Chanel is one of the most recognizable luxury brands and for many women purchasing a Chanel handbag is on their must-have list of purses to add to their collection.
Although these handbags are much sought-after, Chanel bags are some of the most expensive on the market and as a result, can lead many women away from retail stores and instead search for these items on the secondary market (i.e. consignment stores). However, as with Louis Vuitton or other popular luxury designer brands, Chanel handbags are often faked as well. Therefore when deciding to purchase a vintage or pre-loved bag you should be careful when evaluating the purse you would like to acquire.
To help you better understand how to authenticate Chanel handbags we have created this guide!
Chanel handbags typically can be found in lambskin leather which should feel buttery soft or calfskin leather, otherwise more widely known as Chanel Caviar leather, which should have a pebbled, or grained texture.
Things to consider when choosing a Chanel handbag are that the calfskin leather is more prone to scratches, however, on the other hand, the lambskin leather can be more difficult to clean if it were to get dirty.
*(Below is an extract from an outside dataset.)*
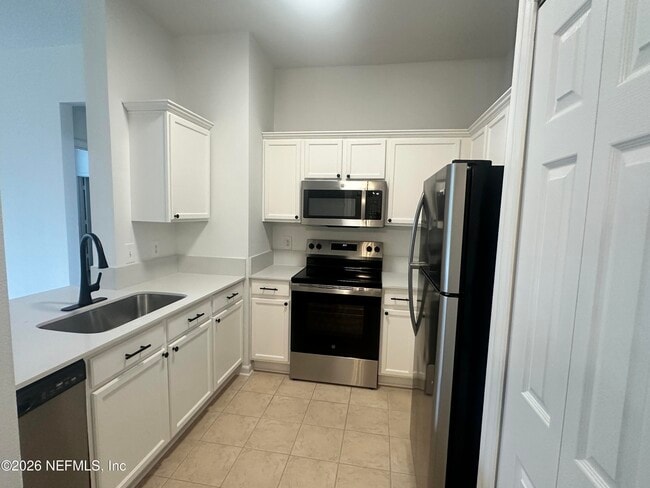 Building Photo - 8601 Beach Blvd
Click here to read about how to take care of your Chanel leather handbags.
Chanel handbags can also come in patent leather, silk, and suede so don’t think that just because the purse isn’t in lambskin or calfskin that the bag is not authentic.
The Chanel logo is iconic and is typically one of the first things that women look for when authenticating a bag. It was actually Karl Lagerfeld in the 1980s who first created the iconic overlapping C-lock. Make sure that when purchasing a handbag that the right C overlaps at the top and the left C overlaps at the bottom.
Once you open the purse the back of the lock plate should have flat head screws (there should never be Phillips head screws) and it should also be stamped in all-caps CHANEL / PARIS.
The quality of the stitching of Chanel handbags is a very important aspect to evaluate when purchasing a vintage or pre-loved Chanel bag. The quilted Chanel bags have a very high stitch count, typically around 11 stitches per side of each diamond. The high stitch count allows for a quilted look without looking too puffy.
Things to consider, with the diamond design the stitches should align perfectly and there should be no missed stitches or uneven seams.
Chanel hardware is always of great quality, and actually, up until 2008, the hardware was done in 24k plated gold.
The hardware should be in a heavy high-quality material, you will never see a Chanel purse with plastic or cheap metal hardware. That being said the hardware on authentic handbags can still show wear and tear depending on the age and overall condition of the bag.
In the 1980s Chanel created its own coding system for their handbags. Before 1984 Chanel did not use any kind of coding system, therefore, if you have a vintage handbag pre-1984 you will not find a serial number inside the purse. However, in some cases, the sticker with the serial number can be missing or end up peeled off due to wear.
-From 1984-1986 the serial number must have 6 digits.
-From 1987-2004 the serial number must have 7 digits.
-From 2005-present the serial number must have 8 digits.
Click here to see our in-depth guide to Chanel serial numbers.
If you were to purchase a Chanel handbag from a retail store, included in your purchase would be a Chanel authenticity card (unlike Louis Vuitton handbags which do not include authenticity cards). The authenticity cards were introduced in the 1980s at the same time as the serial number dating code system. However, keep in mind that fake handbags can come with fake authenticity cards as well.
-the card should feel sturdy like a credit card.
-the number on the card should match the serial number on the sticker inside the bag.
-from 2005-present on the card should include a light-gray circular symbol.
But don’t worry if you don’t have an authenticity card, often times the cards can become easily lost.
Another aspect of Chanel handbags to evaluate before purchasing are the zippers. Chanel has used a variety of different zippers on their purses, including Lampo, EP, OPTI DMC, éclair, DMC, and YKK. Additionally, zippers can have CHANEL or three Cs in a circle and sometimes with vintage handbags zippers can be unmarked.
Once you open a Chanel you should look closely at the logo at the interior. The logo should not just sit on top of the leather, it should be embossed into the leather.
Another thing to consider is that the color of the interior stamp should match the exterior hardware (i.e. gold hardware should correlate to gold interior stamping).
An authentic Chanel handbag’s interior lining should be pulled tightly to the walls of the purse and should lay flatly with no bumps or bubbles.
Purchasing a Chanel handbag can be a daunting experience, especially if you are purchasing online where you can’t touch and see in person the item. Don’t be afraid to ask questions or for more pictures of the bag you are coveting.